Dont panic. It’s not my birthday and you missed it. My Birthday is on June 29. You missed it then. 🙂

Wesley sent me a birthday card before my birthday from Charlotte, North Carolina and we weren’t hopeful it would arrive in time for my birthday in Adelaide, South Australia.

As you can sort of see, the card was posted on the 21st of June

Today, the 28th of September I received it. That’s almost 3 months late. One of the things that can happen (note to my  international fan base) is that if you write SA instead of South Australia then the letter/ post etc is likely to go to South Africa. It’s wierd like that.

HOWEVER not in this case. In this case, and according to the absolutely unclear photo below, the card arrived in Newton (my nearest post office) on the 24th June.

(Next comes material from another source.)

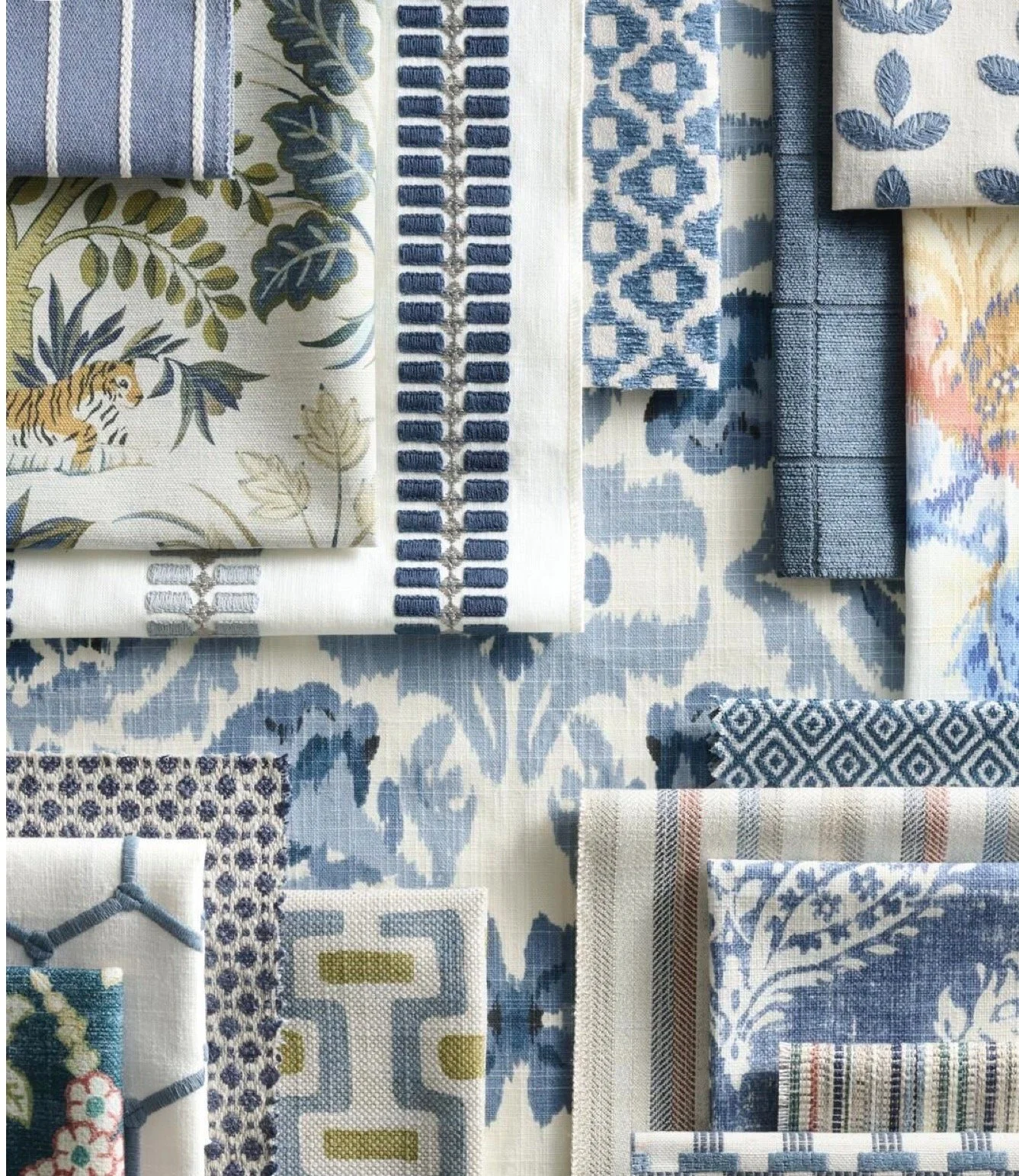 A collection of fabric swatches in various shades of blue, white, and some with green accents, featuring different patterns including stripes, florals, geometric shapes, and animal print.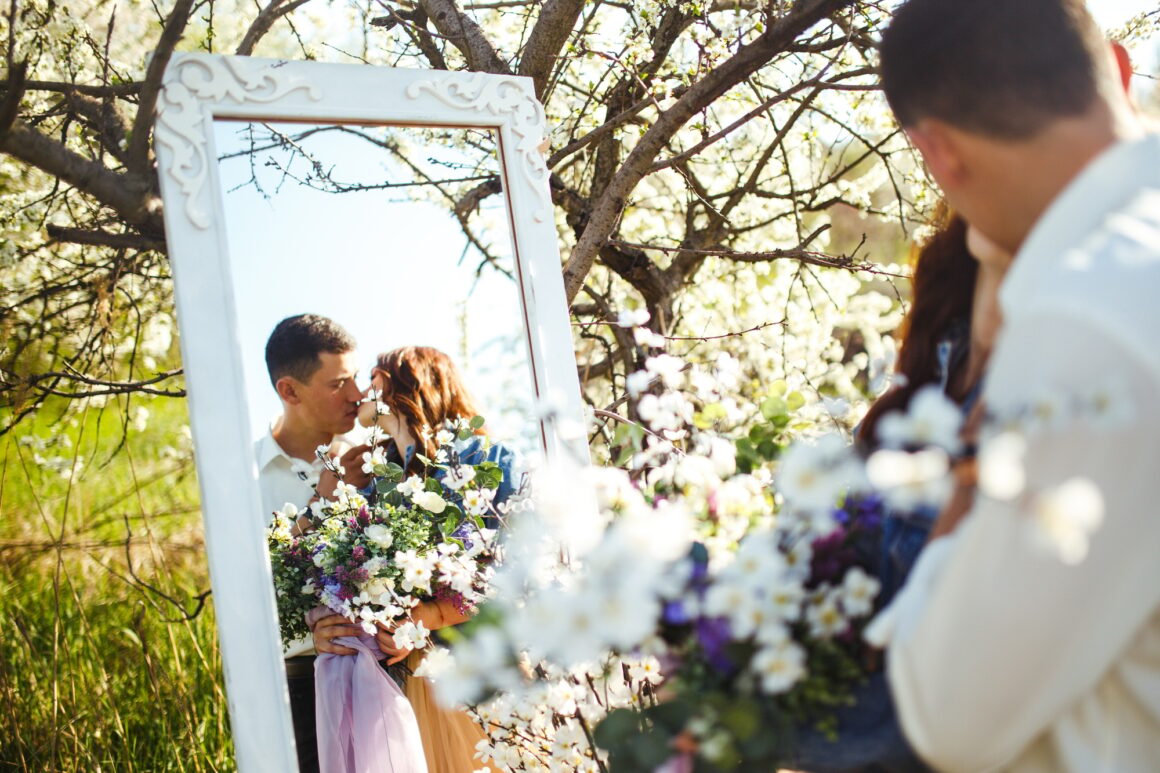 Beautiful loving couple in blooming gardens. Wedding concept. Great sunset light. Lovely newlyweds.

I know the pic is not clear but, trust me, it says the 24th June. So it arrived in South Australia 5 days before my birthday and today, 28th September I get it. So my question, and it’s not an unreasonable question, is what has it been doing in the last 3 months? Did it slip behind a desk? Did it get sent elsewhere? (no evidence of that on the envelope) Was it, and I suspect this is the truth, held by an evil employee of Australia Post whom, for some unknown reason because I am a saint, has a grudge against me??? This one makes the most sense.

Anyway my birthday card. Three months late and still gratefully received, thank you Wesley and Trey.  My birthday stretched for three months this year. That’s a record, even for me.